Once you are there, take a restroom break, find the waiter, and hand him enough cash to cover whatever you might purchase, plus a great tip - this will cost you more, but when the waiter says "thank you for dining with us Mr. so-and-so" and doesnt give you the bill at the end of the evening, it will be very impressive.
Dancing: Not a Club. Dear God, don't go to a club. There is nothing less romantic. Rent a nicer car than yours with a decent sound system, get a CD of old Frank Sinatra romantic songs, and pull off somewhere scenic and just dance together.
Presents: Everyone gets chocolate and roses, except your Valentine! Get. Something. Else. Sure, a chocolate or two and a rose should accompany the evening, but the primary money should be spent on something else.

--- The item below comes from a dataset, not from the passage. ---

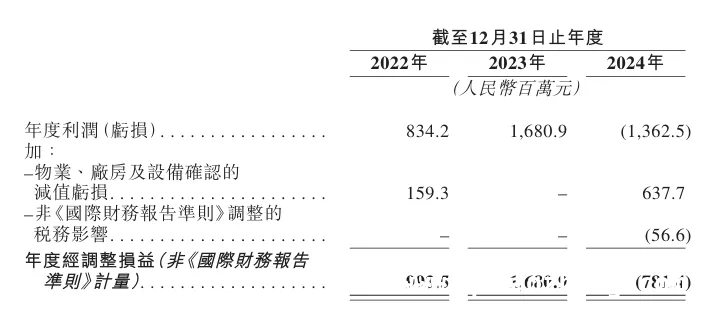 中润光能IPO背后：海外布局与产业供应链风险并存，中润光能：业务版图扩张，融资助力海外生产与新品研发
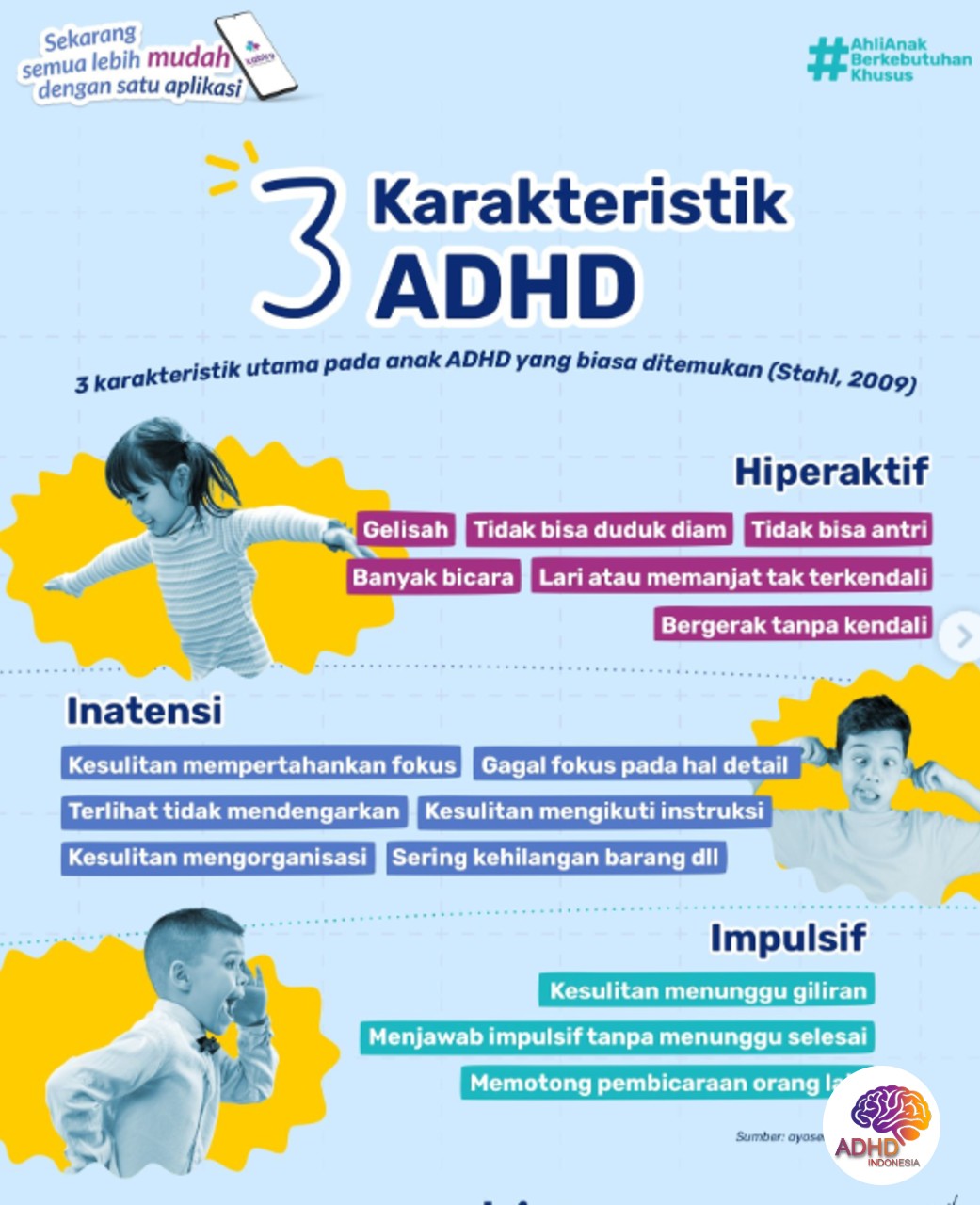 Jenis-Jenis ADHD dan Karakteristik Anak di Kabupaten Aceh Besar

And not just lingerie. That is for you. Not her. Get recommendations from the florist.
Cards: Do get her a card. I know guys don't exactly care about the card, but she does. Even if she says she doesn't, she does. And even if she really doesn't, she will wonder why you didn't if you don't. Confusing? Just get the card.
Poetry: Write your own, even if it sucks. She knows you can't write. She knows that you will probably use a crayon to scribble it out to the beat of some 80's hair band ballad, but hey, its you. Rhyming is not important, in fact it is kind of cheesy. When you don't rhyme, it sounds more sincere. Really.